Romaing Tep1,2, Sodara Chan1, Heng Sopheab1
*Corresponding author: Romaing Tep, Email: tromaing@gmail.com
THESIS'S ABSTRACT
Introduction
Globally, by the end of 2018, there were 37.9 million of people living with HIV (PLHIV) included 36.2 million adults and 1.7 million children (<15 years). Of these numbers, about 10% (3.8 million) were living South-East Asia. Also, 23.3 million PLHIV were accessing to antiretroviral therapy (ART) that was about 62% of all PLHIV. However, PLHIV who were not retained in treatment are still a big threat to the global long-term success of ART. In Cambodia, despite the HIV response including care and treatment has been highly successful, there was limited knowledge of retention rate and its associated factors.
Methods
A retrospective analysis was conducted by using existing data from ART database. PLHIV enrolled in ART service from 2010 to 2018 through National Center for HIV/AIDS, Dermatology and STDs (NCHADS) database were included and followed up until the end of 2019 when the censoring of the analysis occurred. Kaplan–Meier method was used to estimate the probability of 12-month retention rate in care after the ART initiation. All demographic and clinical variables were included in the univariate and multivariate Cox proportional hazard regression to identify factors associated with poor retention.
Results
Of the 32,684 PLHIVs, 51.7% were men, with 6.8% were under 15 years old. The 12-month retention rate was 87.5% in 2011 and declined respectively from 86.6% to 84.0% in 2015. However, it slightly increased from 84.0% (2017) to 86.5% (2019). The retention in care gradually declined from 78.3%, 74.7%, 70.6% to 67.9% at 24, 36, 48 and 60-month follow-up, respectively. With reference to 0-14 years old patients, the patients who were 15-25 years old had adjusted Hazard Ratio (aHR) of 1.73 (95% CI: 1.54 to 1.94) and 26-50 age group (AHR=1.31, 95% CI: 1.15 to 1.49) as well as greater than 50 years old (aHR=1.33, 95% CI: 1.21 to 1.46). In comparison to the earlier stage patients (WHO stage I): stage III with aHR=1.14 (95% CI: 1.06 to 1.22); stage IV with aHR=1.24 (95% CI: 1.11 to 1.38). Patients with higher education level were retained in care better than those with no education with aHR=0.74 (95% CI: 0.69 to 0.79) for primary, aHR=0.65 (95% CI: 0.60 to 0.70) for secondary and aHR=0.36 (95% CI: 0.29 to 0.46) for the university level.
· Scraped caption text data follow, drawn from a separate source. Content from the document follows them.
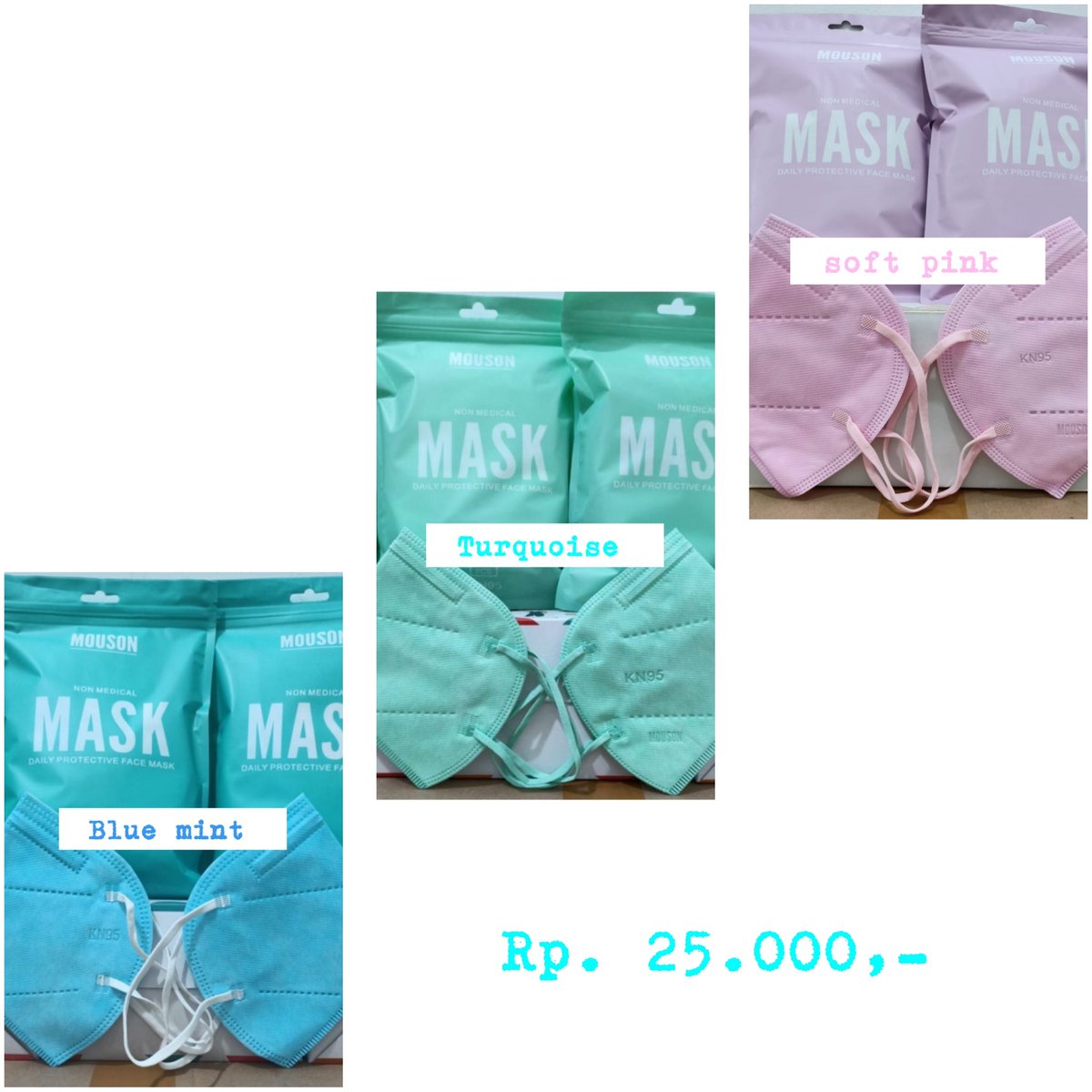 Bismillah..
Update stok masker dulu ya, beb. Ayo bantu habisin yuk! 😘 Warnanya kece badai. 😍

Ini KN95, 5 ply, Insya Allah nyaman dan aman untuk menemani aktivitas sehari-hari.

Pengiriman dari Purwokerto via JNE, J&amp;T, Pos. 

WA: bit.ly/amwidyouchat

Tolong bantu RT yah. 🤗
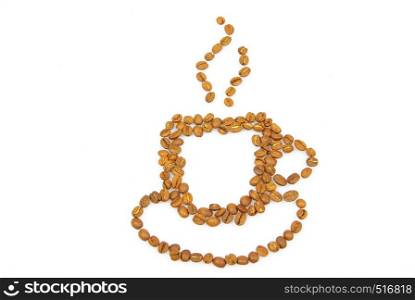 Cup shape coffee beans isolated on white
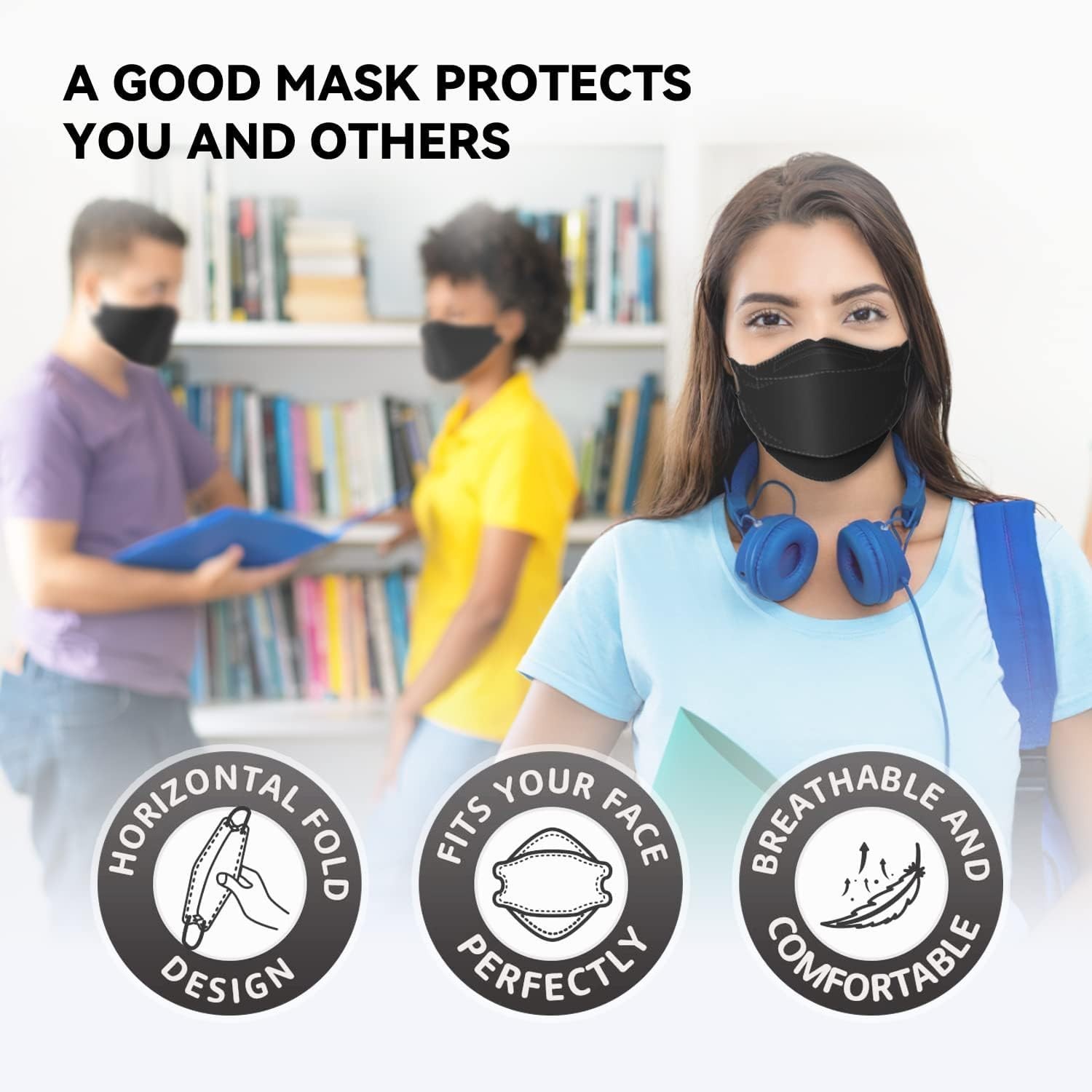 Stylish KN95 Face Masks – 50 Pack Disposable & Skin-Friendly for Teens & Adults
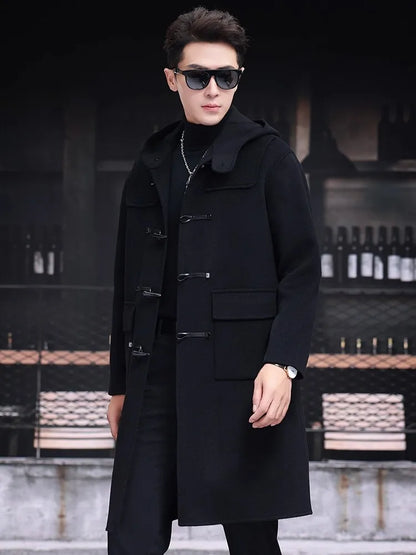 Mens 100% Wool Trench Overcoat Vintage Horn Button Hooded Long Coat Double Faced Sheep Fur Loose Fit Windbreaker Woolen Blends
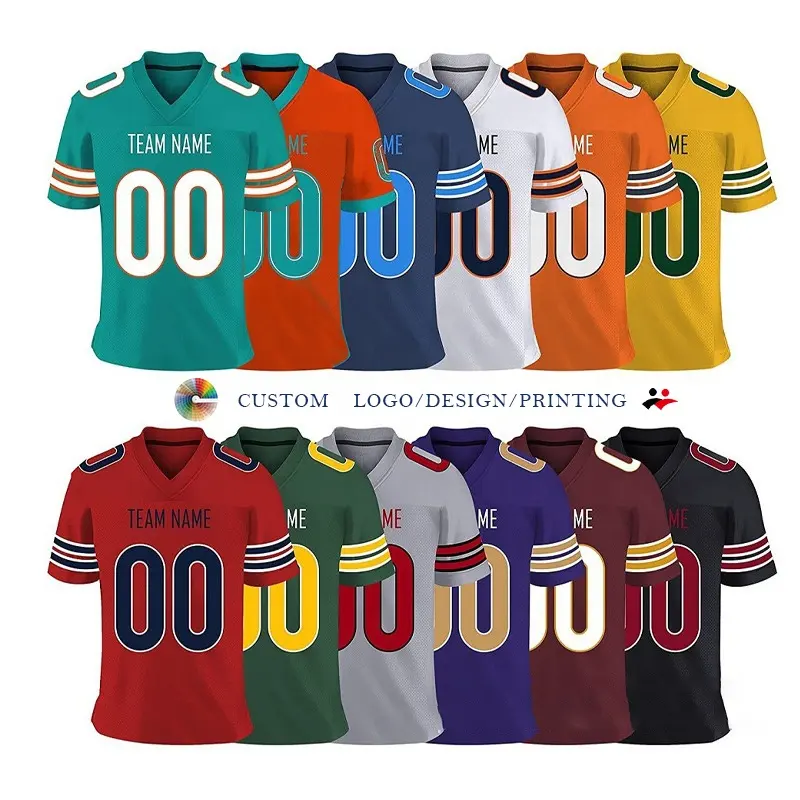 Grosir Jersey sepak bola sublimasi pakaian sepak bola Amerika kaus tim kerajinan bordir pria Jersey sepak bola Amerika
Similarly, patients whose baseline CD4 count ≥ 200 had a better retention hazard (CD4 count >200-350, aHR=0.91 and CD4 count >350, aHR=0.73) than CD4 count <200.
Conclusions
The ART 12-month retention rate from 2011 to 2019 was stable between 84.0% to 86.5%. However, long-term retentions more than 12 months in care declined over time. Lower education, patients, advanced clinical stages and older patients were strongly associated with poor retention. We recommend further study on reasons for higher attrition particularly in the long-term care.